The English Teacher Blog

Archive for January, 2008

Friedrich Kellner

Thursday, January 31st, 2008

Today’s blog post comes from Dr. Robert Scott Kellner, who speaks so eloquently that I will not modify his words. This is a good companion to a unit on the Holocaust:

Two weeks ago, a young lady in Holon, Israel, with the nickname of “Ilanushkah,” created a YouTube video about my German grandfather, Friedrich Kellner, who was a justice inspector during the time of the Third Reich. As a Social Democrat, Friedrich Kellner campaigned against the Nazis in the 1920’s and 30’s. During the war, he kept a diary to record Nazi crimes. His diary will be on exhibit at the Dwight Eisenhower Presidential Library in May. In November, a Canadian documentary about the diary, “My Opposition - the Diaries of Friedrich Kellner,” will be shown at the United Nations to commemorate the 70th anniversary of Kristallnacht.

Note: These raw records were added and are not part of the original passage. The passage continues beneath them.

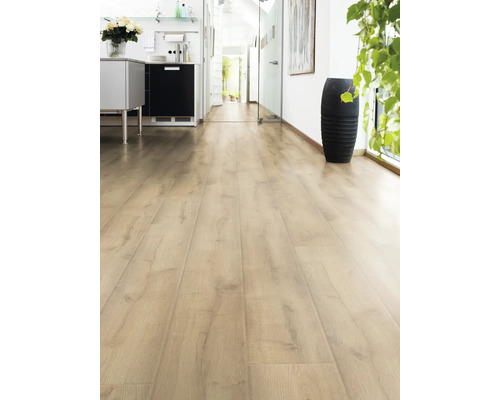 Ljust laminatgolv i en hall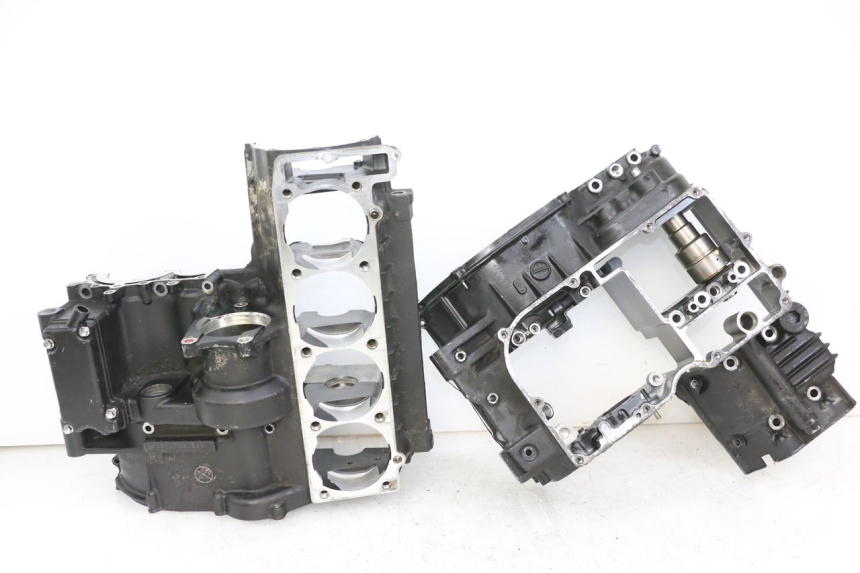 photo de ENGINE CRANKCASE KAWASAKI GTR 1000 (1994 - 2004) - Additional view of the item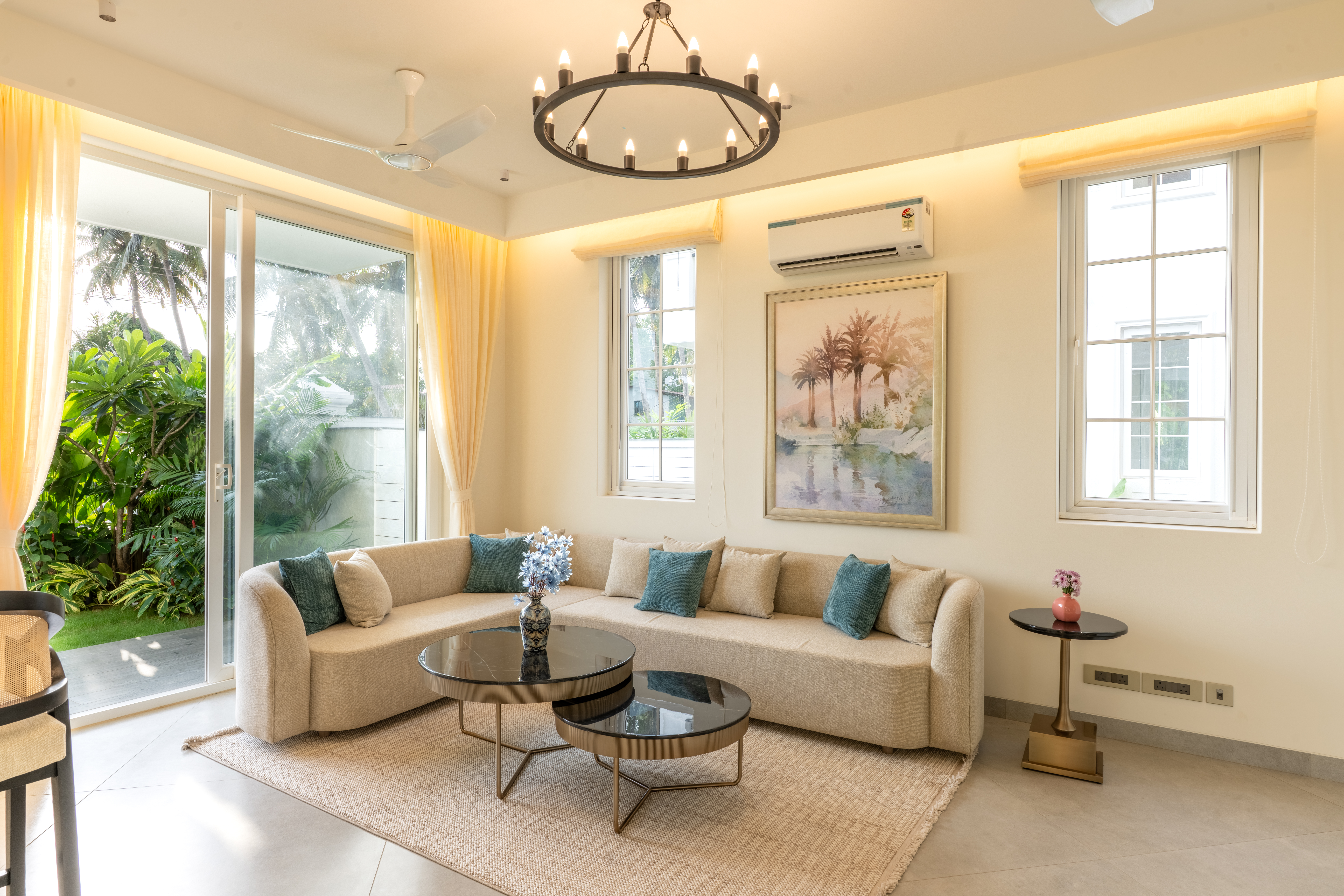 Living Room: Eden Lounge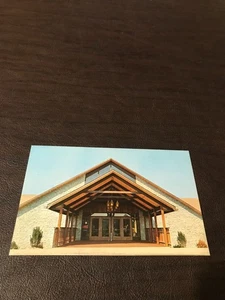 UNPOSTED POSTCARD - BURR OAK LODGE - 4 MILES NORTHEAST OF GLOUSTER, OHIO - Picture 1 of 2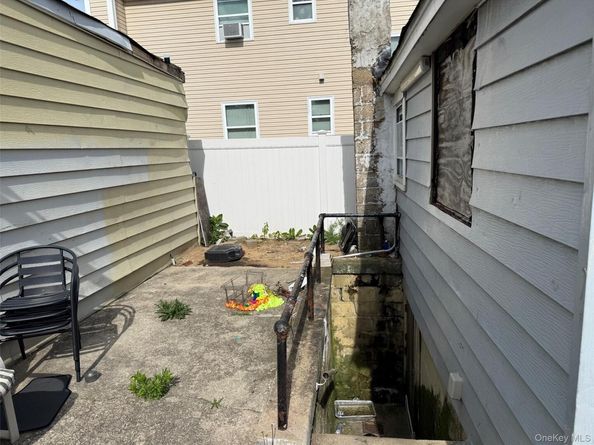1326 Star Avenue, Elmont NY 11003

The Israeli girl did a wonderful job creating the video, and it is getting a lot of praise, yet it is also attracting some neo-Nazi types and Holocaust deniers. YouTube has deleted some of the vile posts. I am hoping that you, and perhaps some of your friends, would take a few minutes to view the video. The increased number of views will help to keep the hostile views in perspective, to dilute the percentage of such views. At present, about 1,800 people have looked at the video — which is a rather modest number. This is the link to the Kellner diary video:
http://www.youtube.com/watch?v=9kJLE9zvo44

At the YouTube site, you will find links to Wikipedia articles about Friedrich Kellner. A very dramatic story about my courageous grandfather is online at Jewish World Review, which has reprinted an article that appeared in the Fort Worth Star-Telegram: http://www.jewishworldreview.com/0507/holo_diary.php3

Thank you,

Dr. Robert Scott Kellner
College Station, Texas

Capitalization

Wednesday, January 30th, 2008

“I can’t get my kids to use capital letters,” the young teacher mourned. “It’s because of computers. The kids expect the word processor to fix it for them.”

Sometimes students really don’t see any value in pesky capital letters. I had a class that was cured very quickly, though, by a simple exercise.

  • Which one are you more likely to see on the pace lap at the Daytona 500: a mustang or a Mustang?
  • Which one do you sing into: a mike or a Mike?
  • Which would you rather receive for Christmas: an apple or an Apple?

Boom! They got it.

Once students understand that the capital letter actually conveys meaning, our insistence on correct usage makes more sense to them.

This doesn’t mean they automatically remember to do it every time — just that, when we point out the lapse, they don’t roll their eyes quite as much.

Good enough.

Ctrl + Z is our friend.

Tuesday, January 29th, 2008

I was presenting at a workshop, and the teacher was having trouble with her mouse. “Do a Control A,” I said, getting ready to show her how to copy and paste without her mouse. She stared at me as if I’d suddenly started speaking gibberish. I tried again, “Hold down the Control key and then type A.” She did and was astonished to see her entire page highlighted.

“I didn’t know you could do that!” she said.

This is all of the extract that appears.